Like much of life, economic theory is not black and white. In an age of uncertainty, people are understandably looking for clarity. This desire for certainty does not always fit well with academic theory.

Broadly, whatever your view on a subject, you will be able to find an expert to validate your assumptions. It is this intellectual rigor that ensures progress, but it also the reason for the level of heated debate that exists online. Whether about lockdown policies or vaccines, you can always find an expert to support your view.

Since the start of the COVID-19 pandemic, the specialisation of epidemiology that has been thrown under the spotlight. As one would expect, while people may share the same profession, it is not a given that they share the same ideas and conclusions. The idea of a definitive consensus on a new airborne virus is risible and the ability to question and challenge the common consensus should have been something that the media and population at large should have encouraged.

Sadly, as appears to have become the norm these days, this was not the case. The debate around this virus swiftly became binary and nuance was sacrificed at the altar of polarization. You either chose to agree with the consensus narrative or you were swiftly castigated as a COVID-19 denier.

This propensity of the media, and individuals on social media, to pit people against each other on every issue of the day has become an unpleasant aspect of modern life, one that achieves little aside from stoking up division. Whether it was Brexit, Trump, or the reaction to COVID-19, complicated issues are watered down into their most basic arguments and then used to cause never-ending tidal waves of anger and conflict.

  Unfortunately, I believe that economic theory is the next complicated concept to be stripped down and simplified to a level that will again simply cause division rather than debate.

The extraordinary level of public spending that has been enacted over the past year, along with the level of money printing and interest rate suppression from central banks across the globe since 2008, has catapulted Western economies into an ever-expanding abyss of debt and social obligations.

History tells us that the policy of printing money and lowering interest rates leads to hyperinflation and both social and economic anarchy. It is curious that the media, so quick to point out any similarity between contemporary society and fascist Europe in the 20th Century, seem to have not recognized the similarity between the economic policies of Weimar Germany and contemporary Western COVID-19 economics.

For some, the fact that there appears to be a government money tree, and that it is one that has been created and endorsed without an immediate economic catastrophe, is proof that we are now living in a new economic age. An age that endorses the ideas of Modern Monetary Theory (MMT), the economic belief that there should be no financial constraint on government spending as long as a country is a sovereign issuer of currency and does not tie the value of its currency to another currency.

Pitted against this idea are the lessons learned from history. Lessons that remind us that the idea of MMT is far from modern. Instead, it is an idea that has been tried on numerous occasions and has always led to financial catastrophe.

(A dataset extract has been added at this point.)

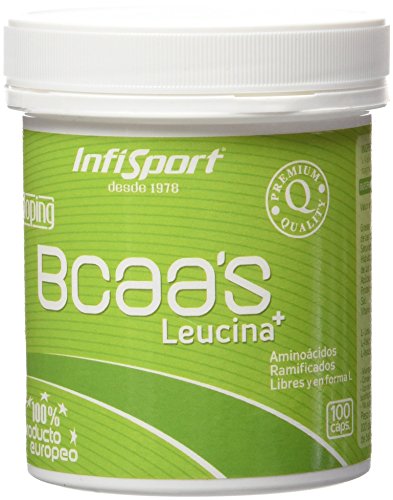 INFISPORT 52246 Bcaa's Leucina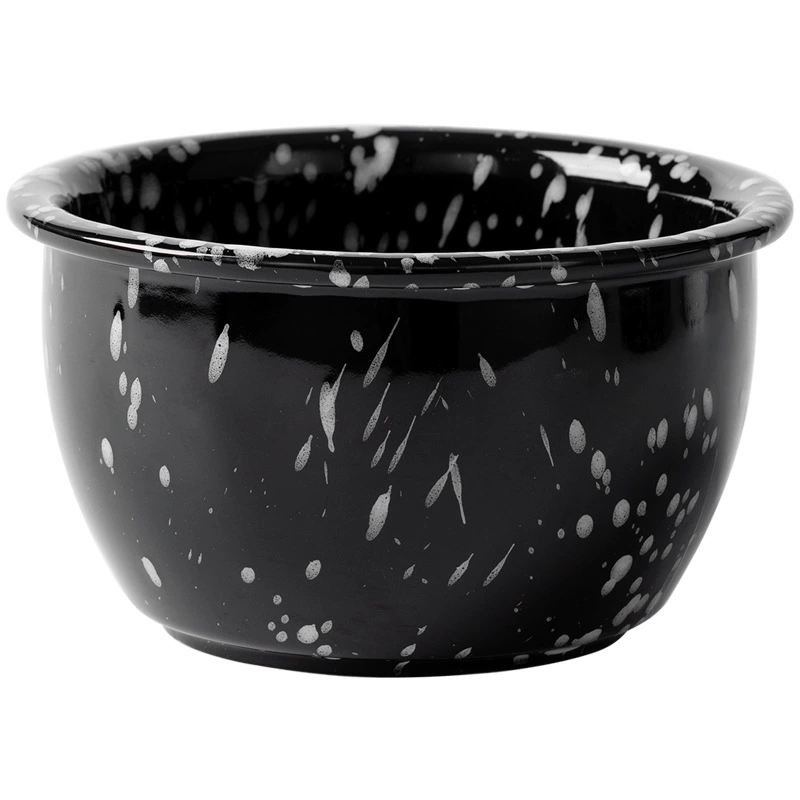 Service de table en porcelaine design abstrait tableware view 5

As the world starts to use the success of the vaccines to get ‘back to normal’, it will need to also address the impact of the financial policies enacted because of lockdowns. This will result in a large-scale debate about economic theory, which we can only hope will be allowed to be nuanced.

If not, yet more division and social unrest will ensue, and economics will be the next topic to polarise. Only this time, the economic vaccine of reduced rates and quantitative easing will already have been used, and there will be no magic panacea to stave off a fully blown global disaster.

For now, we can only hope that inflation remains under control and rates do not rise. What could go wrong?